American-bred Thoroughbred racehorse

Farma Way (April 2, 1987 - November 18, 1999) was an American Thoroughbred racehorse and sire foaled in Kentucky. As a four-year-old in 1991 he was one of the leading racehorses in North America, winning the Santa Anita Handicap, Pimlico Special, San Antonio Handicap, San Pasqual Handicap and San Carlos Handicap. He was also the winner of the 1991 American Championship Racing Series.

==Background==
Farma Way was a brown horse bred in Kentucky by Mr. & Mrs. C. D. Callaway III. He was sired by Santa Anita Derby winner Marfa out of the Diplomat Way mare, Fine Tribute, a descendant of the very important sire, Nearco.

Farma Way was originally trained by Neil Boyce but was later transferred to D. Wayne Lukas.

==Racing career==
Farma Way lost his first four starts. After he ran second in the Hollywood Futurity, Boyce put him in the turf Baldwin Stakes, which was a surface change and resulted in a win.

In his fourth year, the colt won the Santa Anita Handicap and set a 1 3/16 mile track record for Pimlico Race Course in winning the 1991 Pimlico Special.
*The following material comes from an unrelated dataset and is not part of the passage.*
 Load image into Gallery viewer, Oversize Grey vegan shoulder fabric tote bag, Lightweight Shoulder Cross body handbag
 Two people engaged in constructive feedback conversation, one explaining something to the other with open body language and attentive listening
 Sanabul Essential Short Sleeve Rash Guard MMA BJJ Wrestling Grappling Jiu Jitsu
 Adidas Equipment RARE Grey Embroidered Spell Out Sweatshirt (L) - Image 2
His time of 1:52 2/5 also equalled the North American record for 1 3/16 miles on dirt set by Riva Ridge in 1973 at Aqueduct Racetrack. As of January 2008, their record still stands.

His headstrong ways, however, were his undoing and the cause of a 2-year dispute between jockey Gary Stevens and Farma Way's trainer, D. Wayne Lukas. Farma Way got into a duel with Jolie's Halo, and Stevens could not rate him, allowing Festin to win a race in which Farma Way was favored. When Lukas berated Stevens in public after the race, Stevens instructed his agent to refuse any Lukas mounts. It was two years before Stevens rode for Lukas again.

==Stud record==
Retired to Balla Vista Farm, in California, Farma Way was a successful sire. Some of his progeny include graded stakes race winners Birr, Cobra King, Dontbotherknocking, Rob N Gin, and Ruby Surprise.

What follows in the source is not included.